Holmes had finally given an order. The wrong one in Christopher’s opinion, refusing all responsibility and taking no action.
Captain Gilpin-Brown appeared within the minute, assessed the situation within seconds, called a series of commands to respond.
“Close up main armament. Ten of port wheel. Increase revolutions for twenty knots. Yeoman, make the challenge.”
The merchantman raised another Swedish flag to the maintopmast in response.
“No signalling lamp. Don’t know the flag code. Typical merchantman. Any deck cargo?”
Deck cargo would be shrouded in tarpaulins, which might be concealing guns or torpedo tubes rather than crates if she was a commerce raider in disguise.
Christopher scanned her decks, saw them to be clear from bows to stern. No deck cabins; no cargo. He waited for Holmes to give the confirmation, there being no urgency.
“Clean, sir.

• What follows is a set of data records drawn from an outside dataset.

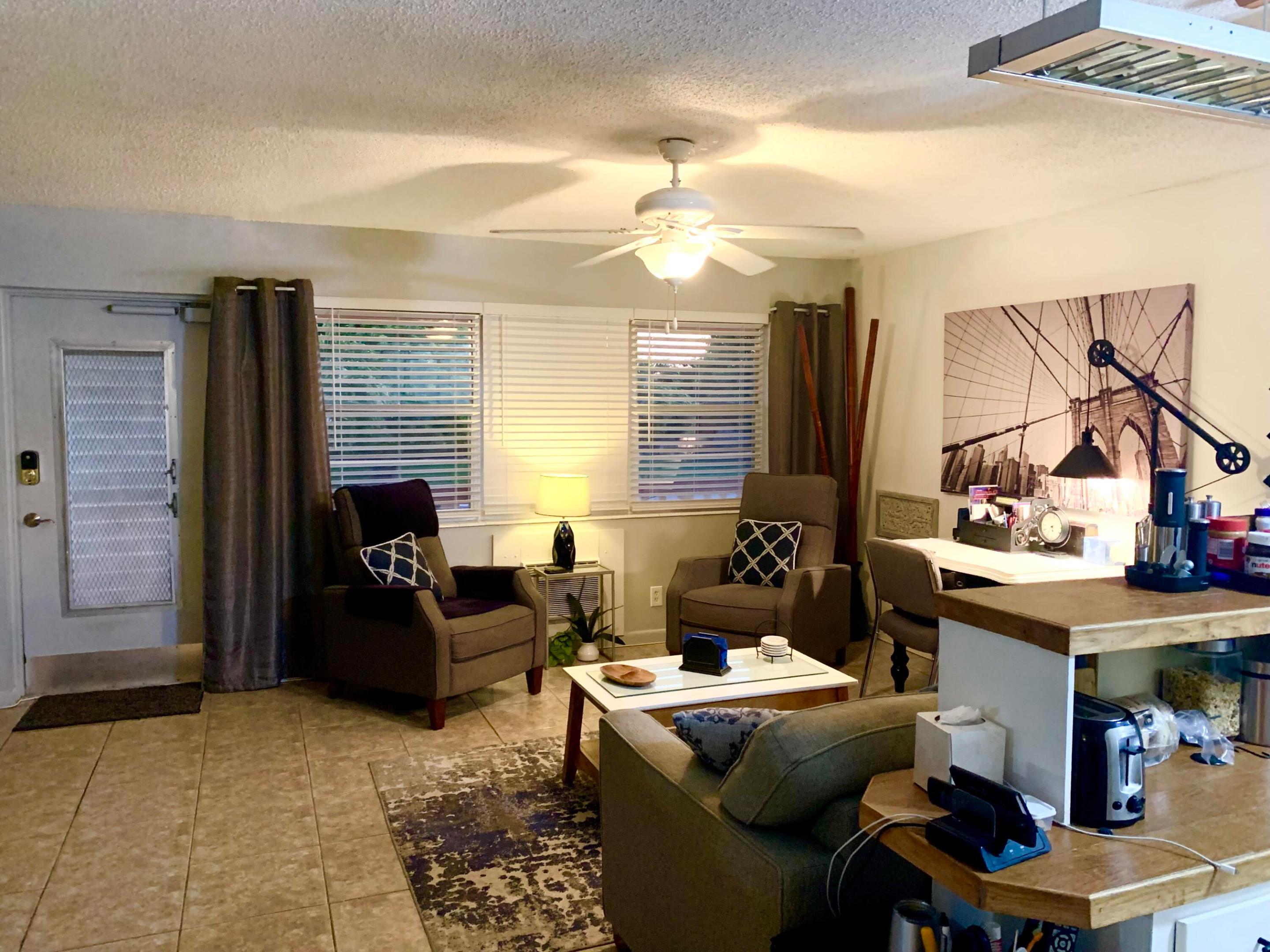 116 Canterbury E Property Photo 8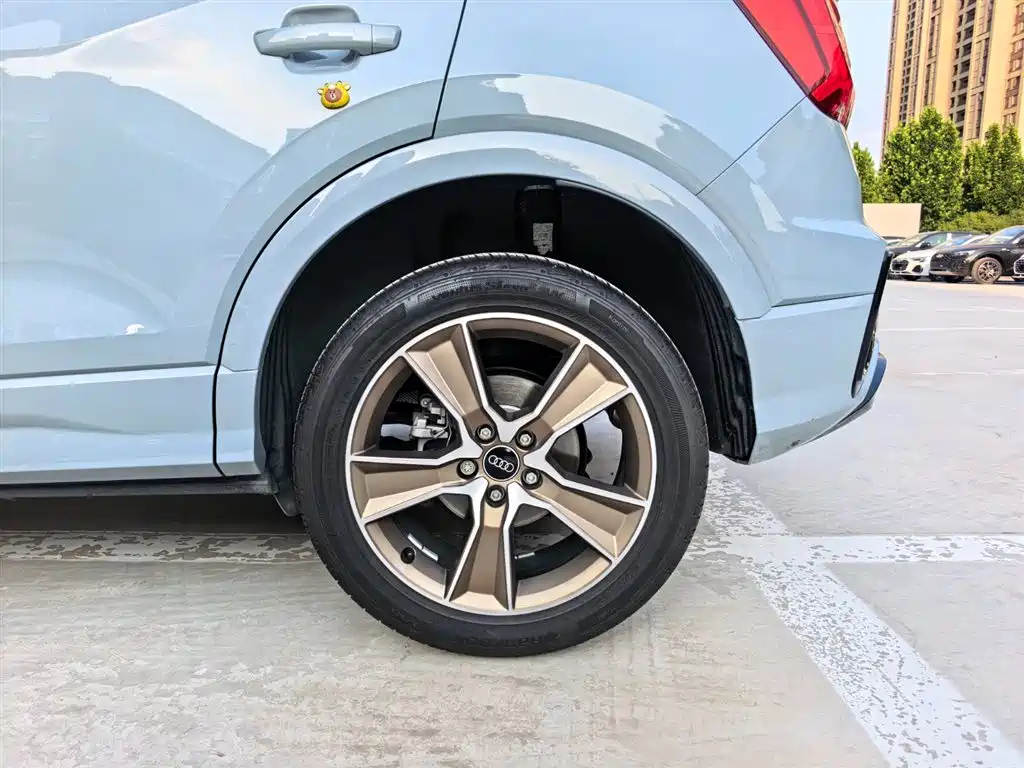 Audi Q2L 2023 — фото 16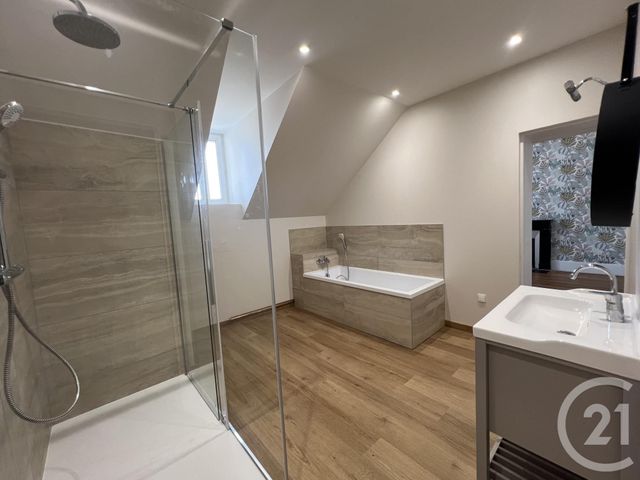 Maison à vendre - 7 pièces - 173,32 m2 - Montlucon - 03 - AUVERGNE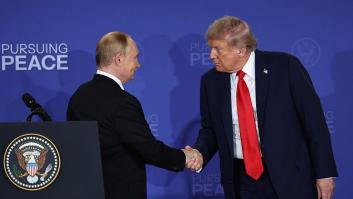 Una experta en lenguaje no verbal pone la lupa en un detalle que no se ve a simple vista de la reunión Trump-Putin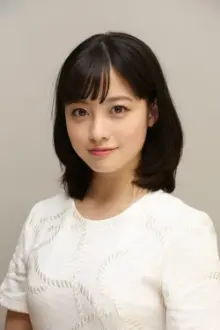 Kanna Hashimoto como: Chika Homura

Just a boiler by the mainmast.”
The Swedish flag was painted large on her hull, the gold and blue shining bright.
“Steer to pass within hailing range at five knots, Holmes.”
The Captain left it to Holmes to translate that command into a precise set of orders, noticed how long it took him to do so.
Christopher suspected that Mr Holmes’ personal report would have a couple of sentences added before evening, that he would be a long time waiting on his promotion.
A brief conversation with an English-speaking officer confirmed the Swede to be an innocent neutral bound for Cadiz with grain. She had made a quick passage and had seen nothing, which was normal for a neutral which had no business giving information to belligerents, possibly compromising their own status.